Tuesday, December 17, 2013

Writer wonders why we need a Farm Bill

House and Senate conferees say they will soon agree on a five-year Farm Bill to replace the one that expired Sept. 30, 2012. But why do we need a farm bill, when we have plenty of relatively inexpensive food, are too fat, and farmers are doing well? Charles Lane asks in The Washington Post. "Is there something about farming, as opposed to other businesses, that makes market economics uniquely inapplicable?"
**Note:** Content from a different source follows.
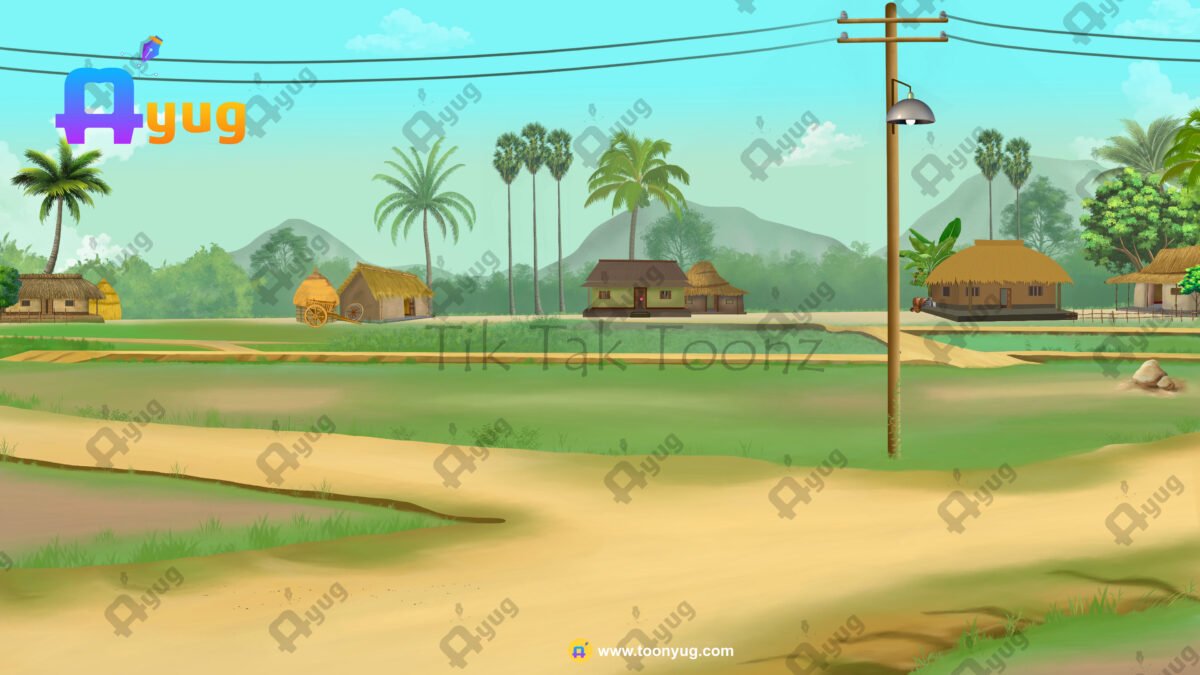 Indian Village Scene 4k PSD High Quality background - Image 1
The chief aim seems to be food security, ensuring that affordable commodities are available to cities and suburbs where most of the population lives. Maybe that was necessary during the Great Depression, but it's ridiculous now, Lane argues: "This obesity-plagued nation is ankle-deep in cheap food." The Agriculture Department says the average U.S. household spent only 6.4 percent of its income on food eaten at home, and the average American ate 474 more calories each day in 2010 than in 1970.

The department predicts net farm income for 2013 will be $131 billion, and the proceeds are divided among many fewer farmers than in the 1930s, when the first Farm Bill was enacted. Now farms can produce 262 percent more food than they did in 1950 with basically the same amount of labor, seeds and fertilizer, according to the American Farm Bureau Federation. "U.S. agriculture is so productive that even natural disaster doesn't threaten food supply as much as it once did," Lane writes.
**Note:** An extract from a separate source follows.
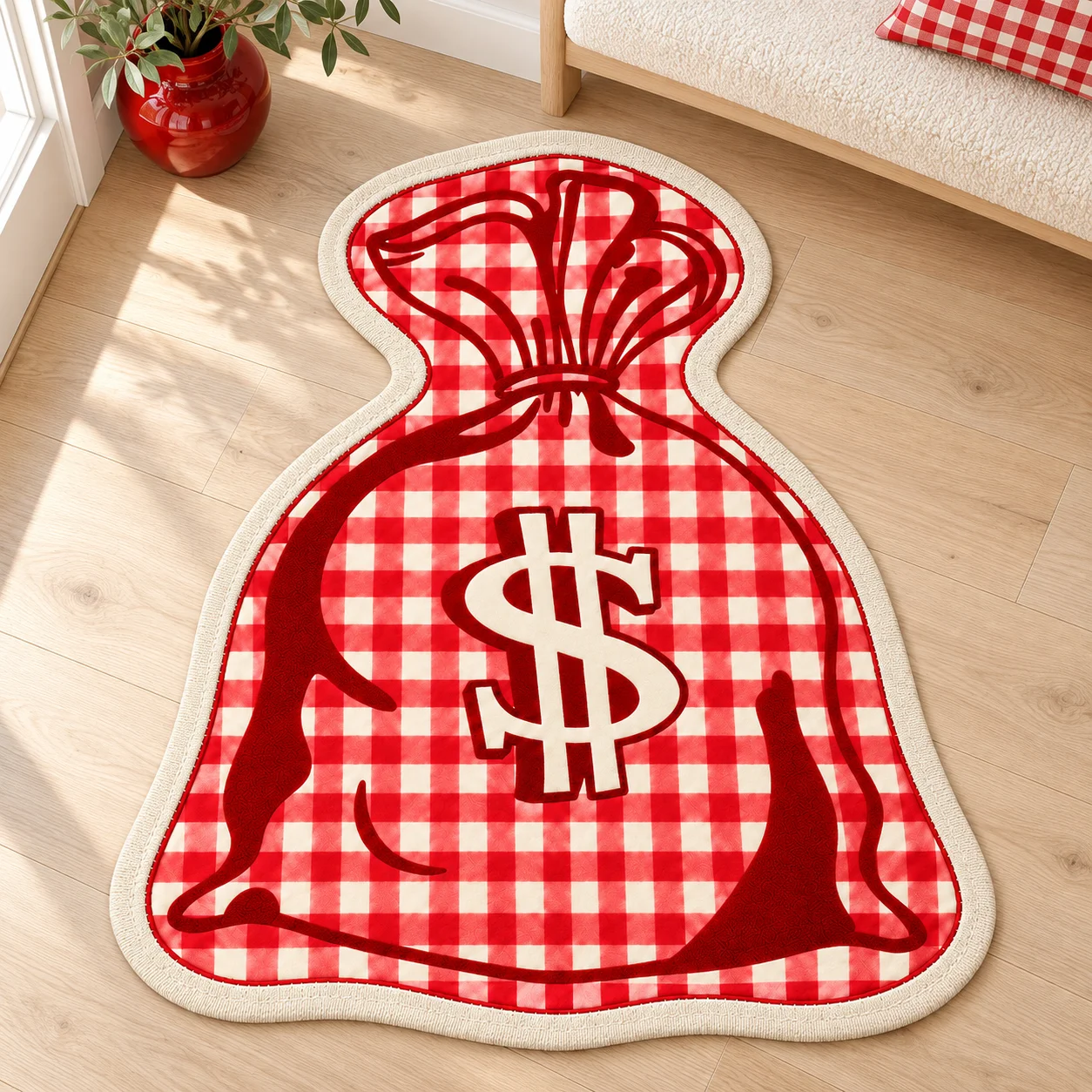 Christmas Red Gingham Money Bag Shaped Area Rug Flannel Floor Mat for Bedroom Living Room Entryway Home Decor Festival Gift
Food-supply panicking can actually be a part of farm-lobby propaganda, Lane writes. The lack of a new farm law and reversion to an old one could raise milk prices to $8 per gallon, but Lane says that threat has been exaggerated, mainly because the agriculture secretary can delay the effect, but also because transportation and other relevant costs won't be affected. "For the ag lobby, though, the point is to keep people worrying about a price hike instead of questioning the absurd legal quirk that makes it possible in the first place," he contends.

Both the House and Senate versions of the bill would get rid of the "egregious subsidy of direct payments that automatically award growers of certain favored commodities $ billion per year," which is real reform, Lane acknowledges. He says one argument for a Farm Bill is that around 80 percent of its money funds for the Supplemental Nutrition Assistance Program, or food stamps. "Sooner or later, though, Congress will have to find a balanced alternative to the old log-rolling link between help for the poor and corporate welfare for agribusiness," he writes.